Systems in Go which are being continuously developed can generate a growing variety of errors. Logging all of them will produce an error monitoring system that is noisy and too tempting to be ignored when deploying code to production. Even vigilant engineers will end up having to look for the needle in the haystack. To reduce the overall volume of errors for common cases the following framework can be used to make error monitoring in production manageable.
Loggable Errors
Assuming you use the following line to handle an error by logging it:
if err != nil {
log.Error(err)
}
For a class of well known errors that do not require additional attention, we introduce the concept of a loggable error:
type loggable interface {
error
Log() bool
}
An error can implement this interface by providing a Log
method which indicates if the error wants to be logged. The error
type is embedded to ensure this only applies to errors.
Observed Errors
You might already have a series of different errors that are acceptable to happen but you still want to be able to observe them in case their occurrence starts to increase. Instead of logging them, you can monitor the event as a metric. An error event which has been observed as a metric can be considered handled.
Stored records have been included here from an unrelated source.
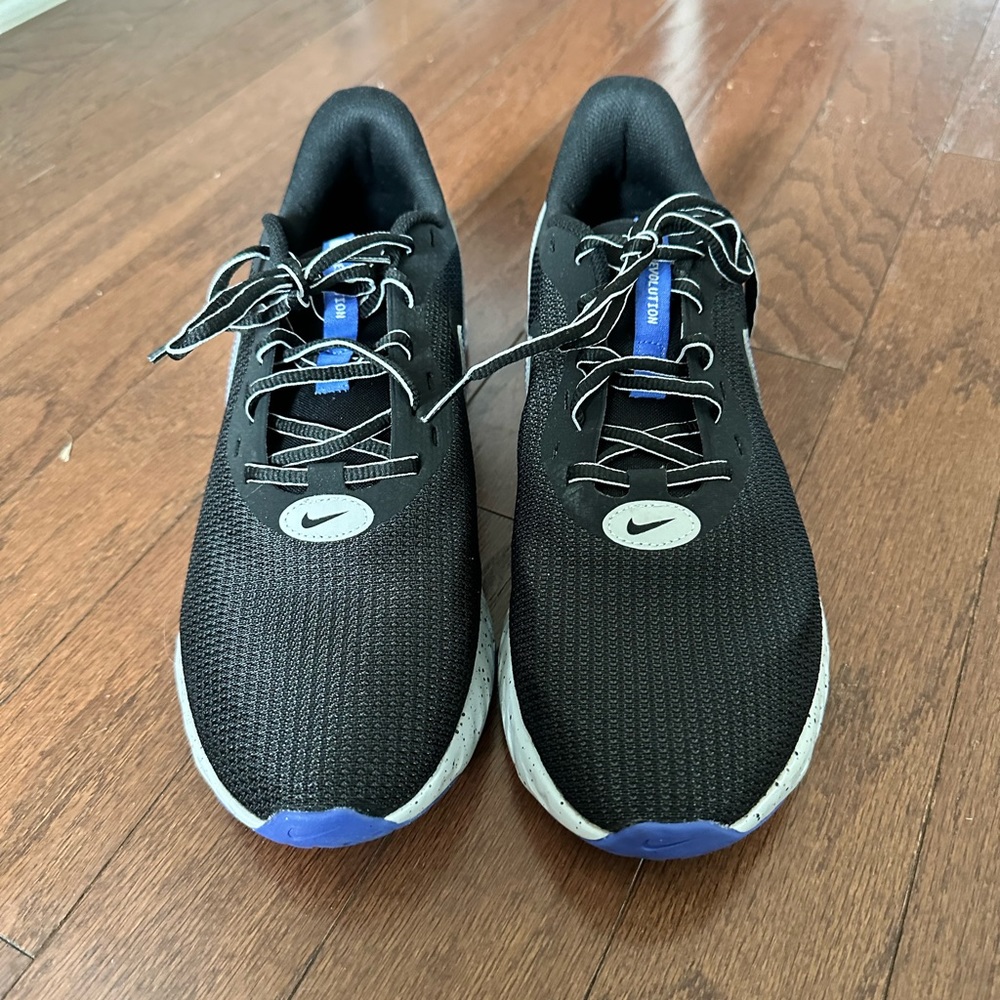 Men’s Nikes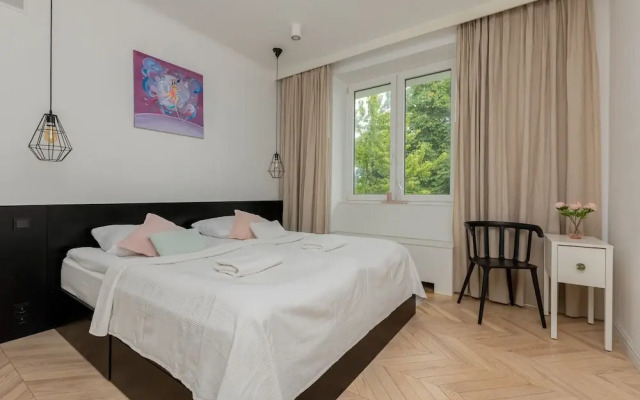 Trendy City Center Apartment by Renters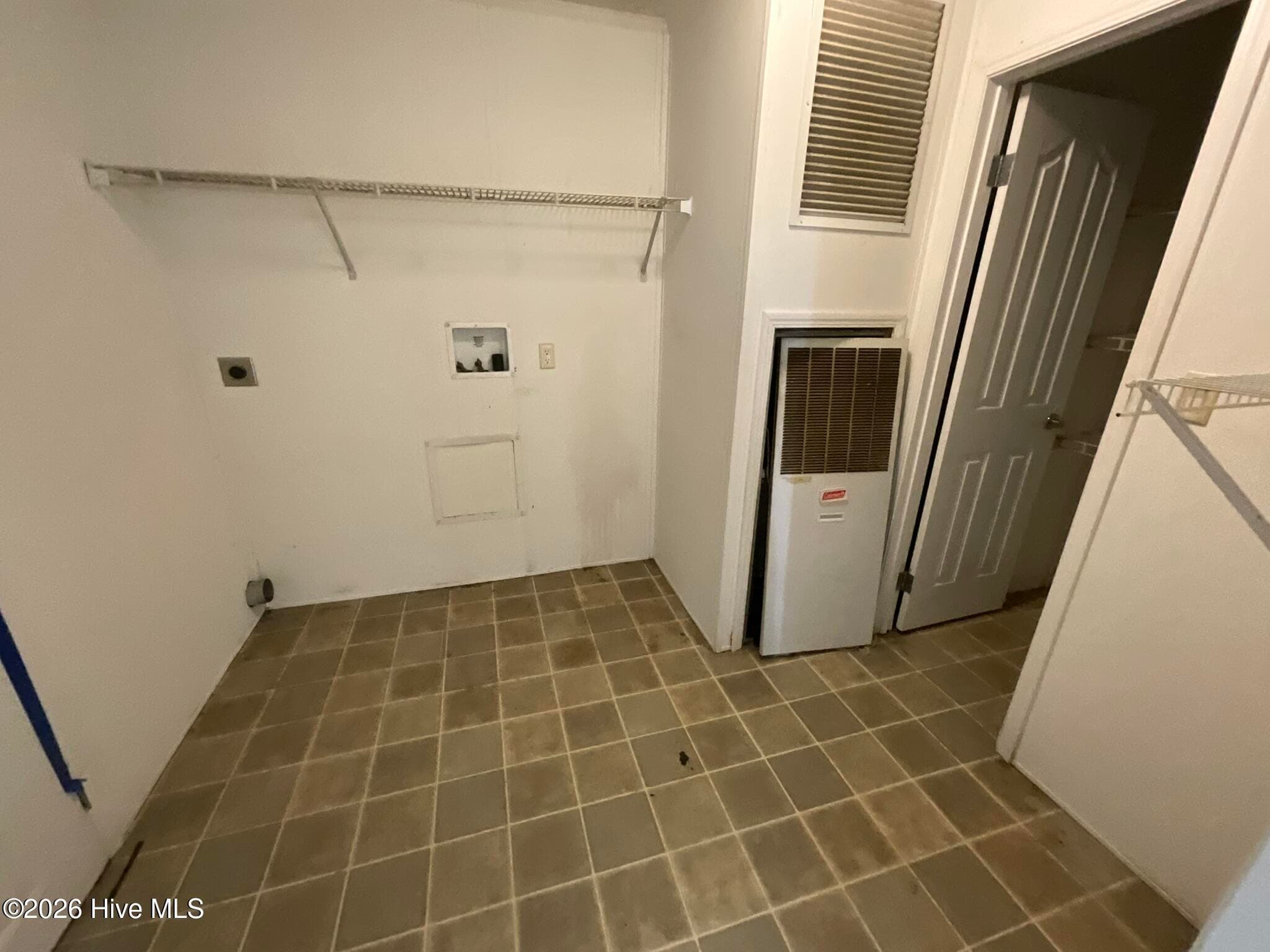 Manufactured Home at 102 Cypress Knee Drive, Richlands, NC 28574, Richlands, photo 14 of 18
Once you record the event by emitting a metric, you can wrap the error as an ObservedError
which is an implementation of the loggable
interface.
type ObservedError struct {
cause error
}
func NewObservedError(err cause) *ObservedError {
return &ObservedError{
cause: cause,
}
}
func (e *ObservedError) Log() bool {
return false
}
func (e *ObservedError) Unwrap() error {
return e.cause
}
func (e *ObservedError) Error() string {
return e.Unwrap().Error()
}
To make this error tracking framework easy to use across your code base you may want to provide a helper function to keep error handling code short.
func LogIfUnknown(err error, keysAndValues ...any) {
var e loggable
if errors.As(err, &e) && !e.Log() {
// error does not want to be logged
return
}
log.Error(err, keysAndValues...)
}
Your error logging code would now change to the following everywhere:
if err != nil {
LogIfUnknown(err)
}
By making use of some of Go’s best practices like, unexported interfaces, error wrapping and using interfaces to define behavior, we are able to provide a framework which can be used to continiously classify errors, decide which should be observed as a metric and which should be logged.